Bagé
- Full name: Grêmio Esportivo Bagé
- Nickname(s): Jalde-negro (Black Jalde)
- Founded: August 5, 1920
- Ground: Pedra Moura
- Capacity: 10,000
- Chairman: Carlos Alberto Ducos
- League: Campeonato Gaúcho Série A2
| Home colours | Away colours |

= Grêmio Esportivo Bagé =

Grêmio Esportivo Bagé, commonly referred to as Bagé, is a Brazilian football club based in Bagé, Rio Grande do Sul. It currently plays in Campeonato Gaúcho Série A2, the second level of the Rio Grande do Sul state football league.

==History==

Grêmio Esportivo Bagé was founded on August 5, 1920. The club results of the union of two other local teams, the 14 de Julho and Rio Branco.

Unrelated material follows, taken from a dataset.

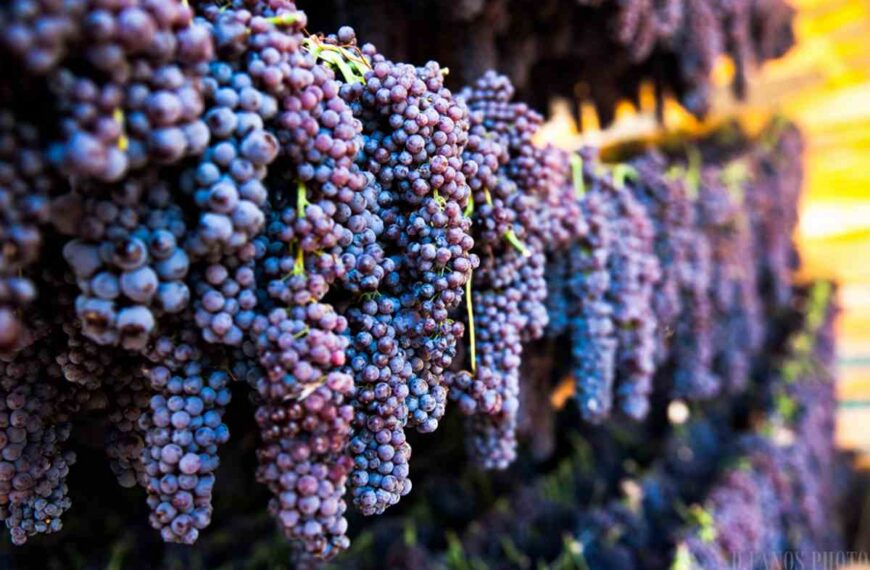 Όμιλος Φίλων Σταφίδας: Προτάσεις για την αντίστροφη του αρνητικού κλίματος για την μαύρη κορινθιακή σταφίδα και τη χάραξη μιας ολοκληρωμένης πολιτικής προκειμένου να σταματήσει η εγκατάλειψη της καλλιέργειάς της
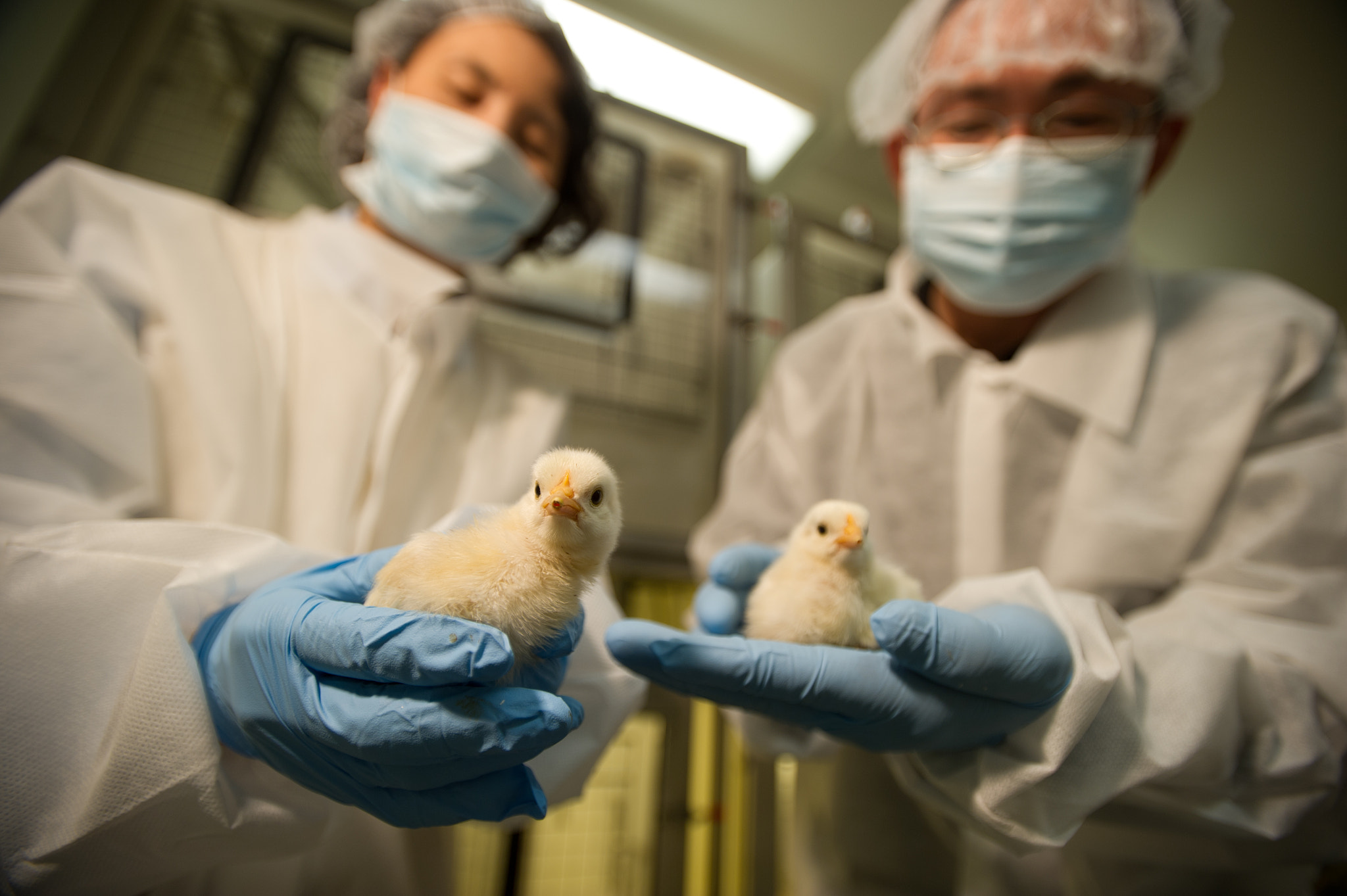 Nikon D3S + Nikon AF-S Nikkor 17-35mm F2.8D ED-IF sample photo. Scientists conducting an experiment on chicks in a laboratory photography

In relation to the colors, it inherits of Rio Branco the yellow and of the July 14 the black, becoming the traditional gold-black.

===Founders===
(in alphabetical order)

•Dr. Átila Vinhas
•Dr. Carlos Brasil
•Florêncio Py Lima
•José Maria Parera
•Leonardo Teixeira
•Leonidio Malafaia
•Nélson Osório Ripalda
•Paulino Brandi
•Dr. Sílvio Vinhas
•Dr. Valandro
•Virato Azambuja

===The First Management===

President: Alípio Pereira Costa

Treasurer: Sargento Osório

Secretary:Austeclino Guaspe

Captain: Rafael Médice

==Honours==
===State===
- Campeonato Gaúcho
  - Winners (1): 1925
  - Runners-up (5): 1927, 1928, 1940, 1944, 1957
- Copa Governador do Estado
  - Winners (1): 1974
- Campeonato Gaúcho Série A2
  - Winners (3): 1964, 1982, 1985
- Campeonato Gaúcho Série B
  - Runners-up (2): 2017, 2022
- Campeonato do Interior Gaúcho
  - Winners (6): 1925, 1927, 1928, 1940, 1944, 1957
- Copa Cícero Soares
  - Winners (1): 1977

===City===
- Campeonato Citadino de Bagé
  - Winners (23): 1922, 1924, 1925, 1927, 1928, 1931, 1932, 1933, 1936, 1939, 1940, 1942, 1944, 1949, 1951, 1952, 1953, 1954, 1955, 1957, 1971, 1975, 1976
- Copa Centenário de Bagé
  - Winners (1): 1959
- Taça Cidade de Bagé
  - Winners (1): 1976

==Rio Grande do Sul First Division Records==

| Year | Position | Year | Position | Year | Position | Year | Position |
| 1922 | 4th | 1940 | 2nd | 1971 | 9th | 1979 | 15th |
| 1925 | 1st | 1942 | 4th | 1973 | 8th | 1980 | 14th |
| 1926 | * | 1944 | 2nd | 1975 | 8th | 1983 | 11th |
| 1927 | 2nd | 1949 | 5th | 1976 | 12th | 1984 | 14th |
| 1928 | 2nd | 1953 | 5th | 1977 | 9th | 1986 | 14th |
| 1929 | * | 1957 | 2nd | 1978 | 10th | 1994 | 20th |  |

- Currently Bagé participates in the Second Division of the Rio Grande do Sul (since 1995).

==Stadium==

- Name: Pedra Moura
- Capacity: 10,000
It was inaugurated in the beginning of the twenties.

==The mascot==

The mascot is a bee. Chosen by the colors, but also by the work in group and ferocious attacks.

==Rival==

Bagé's greatest rival is Guarany. The derby between the clubs is called 'Ba-Gua', and it is played there is more than 85 years.